§ **Assignment**: From the records below, copy out exactly the lines from the one containing "Goods transport owners" to the one containing "sunroom with ceiling fan", both included. Add nothing else.

§ **Data for this task**:
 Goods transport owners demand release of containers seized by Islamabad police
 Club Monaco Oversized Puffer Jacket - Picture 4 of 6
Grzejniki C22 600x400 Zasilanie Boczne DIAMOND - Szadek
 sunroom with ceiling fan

---

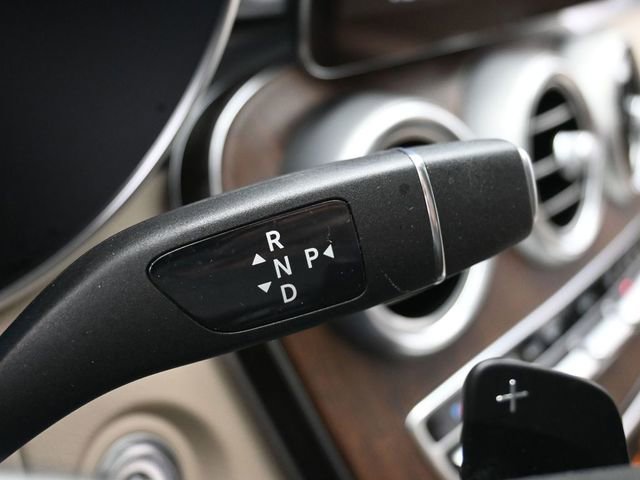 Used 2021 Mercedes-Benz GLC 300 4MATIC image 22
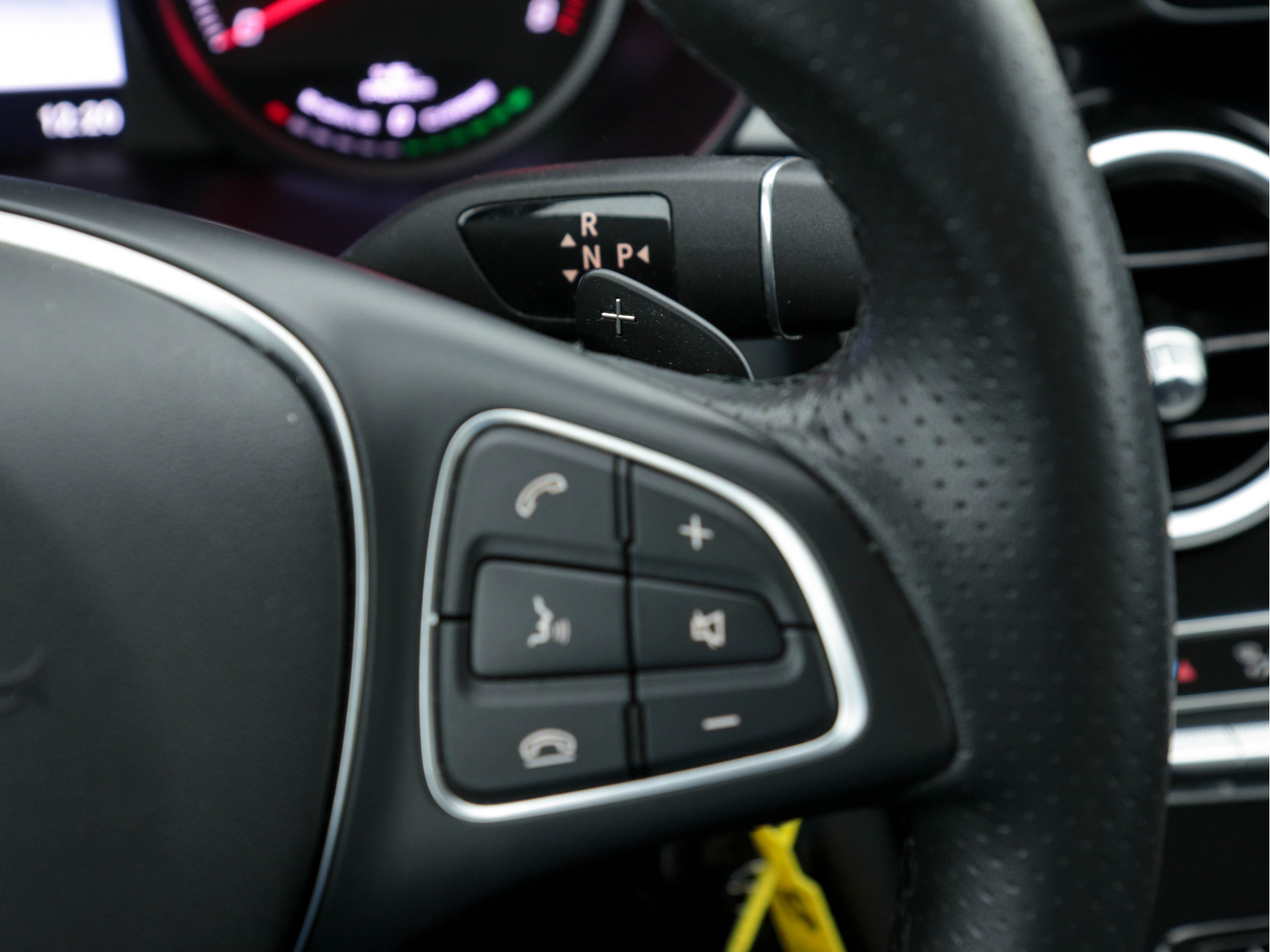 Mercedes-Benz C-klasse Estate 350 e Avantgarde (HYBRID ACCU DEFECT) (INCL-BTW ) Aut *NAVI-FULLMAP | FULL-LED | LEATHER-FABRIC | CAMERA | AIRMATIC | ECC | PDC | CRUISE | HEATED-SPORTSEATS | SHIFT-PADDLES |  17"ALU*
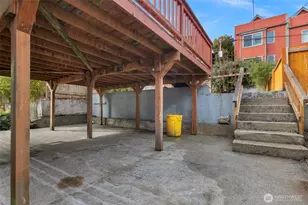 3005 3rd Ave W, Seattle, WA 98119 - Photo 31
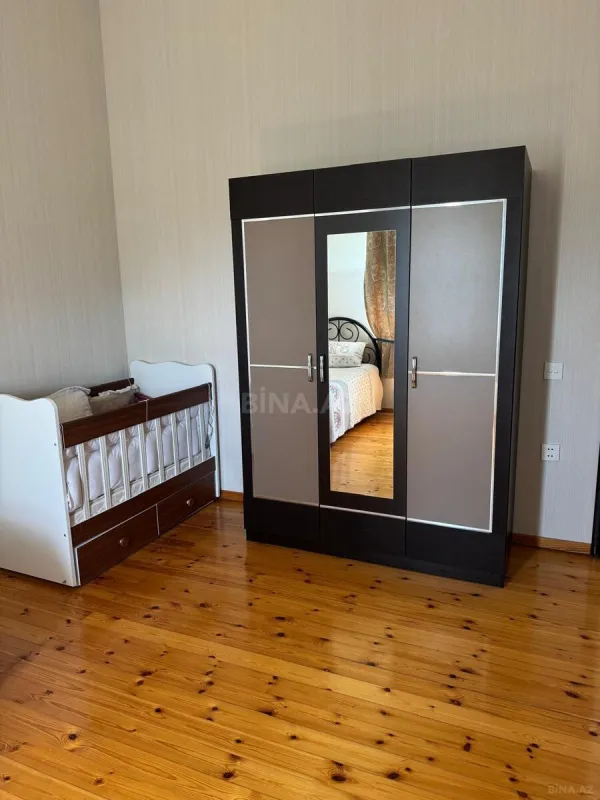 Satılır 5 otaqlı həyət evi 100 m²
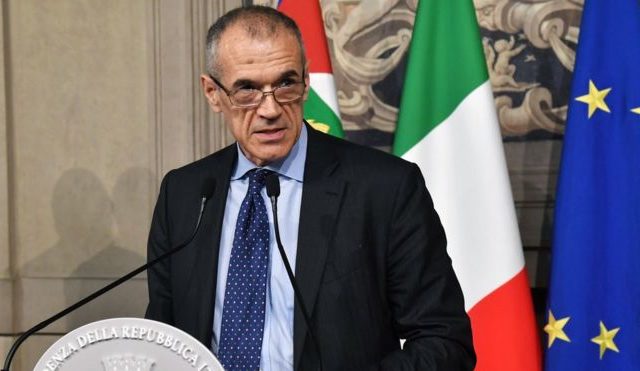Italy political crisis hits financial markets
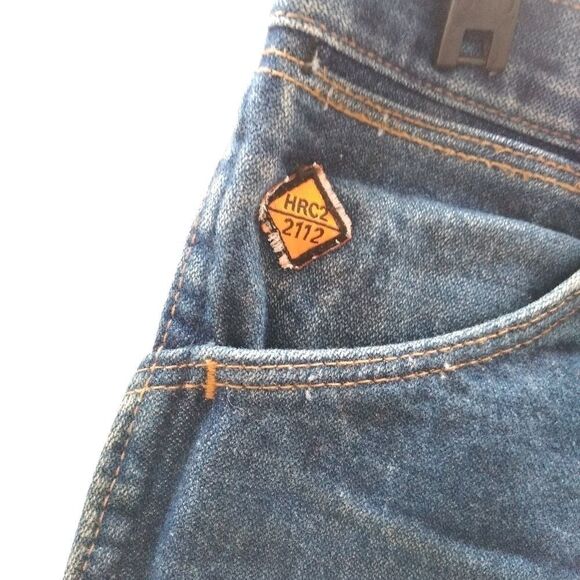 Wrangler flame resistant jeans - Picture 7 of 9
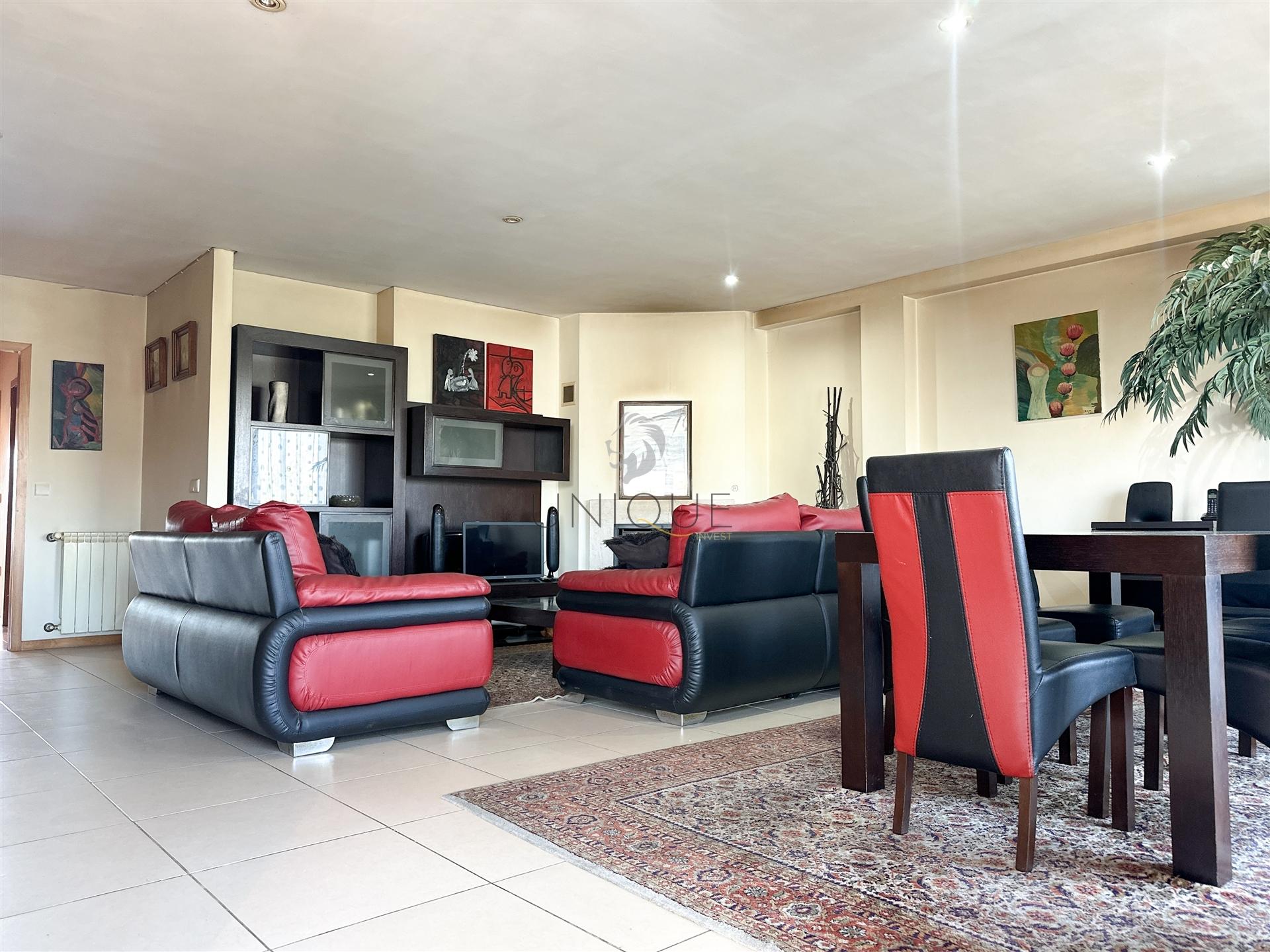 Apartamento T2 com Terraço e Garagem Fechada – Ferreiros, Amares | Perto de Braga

§ **Solution to this exercise**:
 Goods transport owners demand release of containers seized by Islamabad police
 Club Monaco Oversized Puffer Jacket - Picture 4 of 6
Grzejniki C22 600x400 Zasilanie Boczne DIAMOND - Szadek
 sunroom with ceiling fan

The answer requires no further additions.